The memories won’t fade, like the green of my skin. Green like the fog that pervaded my village. It carried with it horrible brown chunks, flakes that swirled up overhead through our waters, the way the currents in the land would carry autumn leaves through a wind. I thought they were the turtle folk just crossing their way through like they do every year, but there were no turtles.

Bodies decayed and blood was spilled, and they dropped like flies.

Nobody knew what the cause of it was, but all I know now is that the green haze was no ordinary fog, and the chunks were the rot of the fallen bodies, decayed and being digested by the intangible monster that carried it.

I should’ve realized the night before everything ended, what I fell asleep to was not the rumble of the thunder above our heads, but a moaning and groaning of something dark and treacherous, lurking beneath the earth.

The houses crumbled as I ran through the kelp forest, my eyes ran wild around the maze of green. So much green. Seeping through the little pebble huts and into the red rock roofs, it silenced the babies, crying for their mothers, their souls lost to the sky.

How I wish I could’ve saved them but I realized, I too am lost.

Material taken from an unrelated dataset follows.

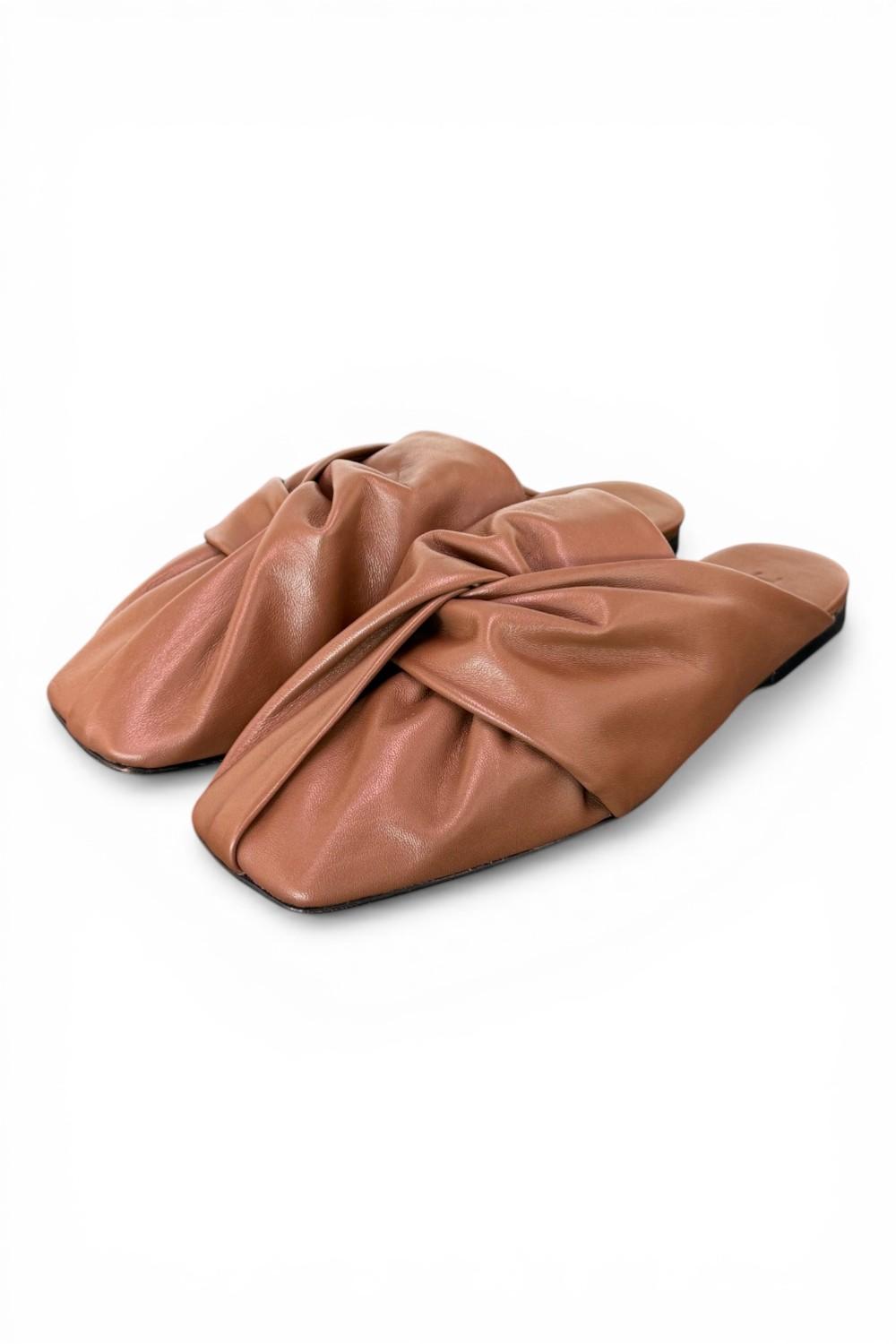 Sabot nodo pelle marrone JVAM<BR/>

For days and days, I wandered through the kelp forest. It didn’t keep all of the noxious fumes out, but it kept me alive. I wandered through hundreds and hundreds of kelp, never knowing when it would end. There was so much green behind and ahead of me, I thought I had started to go insane when my skin started to turn its shade.

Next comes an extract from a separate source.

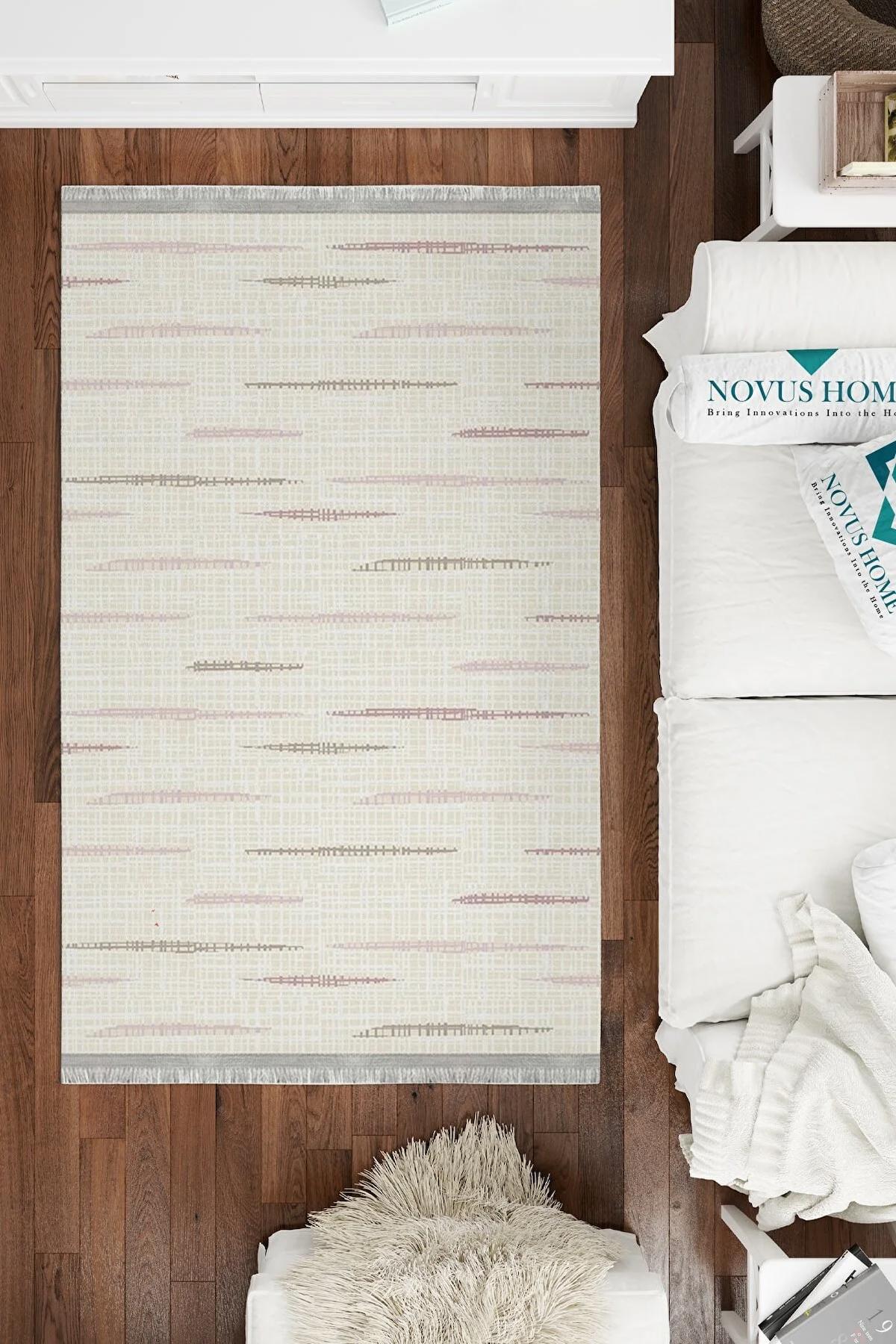 Novus Home Punto Serisi Kahverengi - Krem 7 mm Polyester Antibakteriyel-Toz Tutmaz-Yalıtıma Yardımcı Yıkanabilir İnce Kaymaz Taban Yuvarlak Makine Dokuma Antre-Salon-Yatak Odası Halısı 80x200 cm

It all became too much. I had to get out.

Where is my mother? Where is my father? My brothers, one three, one four, and the little twins my mother would never take her eyes off.

I was only seven. Just seven.

I will never forget the relief I felt when my gills finally caught a gasp of unpolluted water after days of wandering through endless green – a color I’d always thought of as home. The walls that protected us from the outside world, that contained the magic of my people that made us so powerful. I had been stuck so long I had started to wonder if my tears too had turned green – and found that it hadn’t when I broke down in that same relief.

PROGRESS LOG:

The freewriting approach I took was extremely refreshing, after ages and ages of careful planning just to come up dry. It’s no surprise that the ideas all come out the way the character was birthed in the first place – by impulse. I learned a very important ingredient in editing/refining an original work of fiction – it’s not just a mix of sticking to what you know (about rhythm, grammar, structure, devices) but also a mix of improvisation when you feel like something’s not enough. I was surprised how much darker my character Roxxi and her story turned out to be – I don’t even know where all of this came from. I just realized half way that it started to feel right, writing the things I wrote. It’s as though trusting myself to speak for her put me even further in her voice. She just started out as a pretty fish girl I wanted to draw one day, which I built a little rough story around. I just knew she had mint green skin, was gifted with a colorful appearance, and held incredibly unique and mysterious powers like most of the sea critters you find on Blue Planet, but i had no idea that she would have essentially spent weeks or months wandering through a marine jungle just to survive, eating the foliage around her and any creatures she stumbles upon to avoid starving/malnutrition. I find it interesting how much depth my character actually had without me even knowing it until i just trusted my instincts to speak for me – makes me see the point that Annie Lamott was trying to make about ‘shitty first drafts’. Most of the time I don’t get anywhere when i’m planning stuff out in detail from the get go, because i’m not giving myself anything to build off of. It does help to just get stuff down, to make a downdraft. The first draft is the downdraft.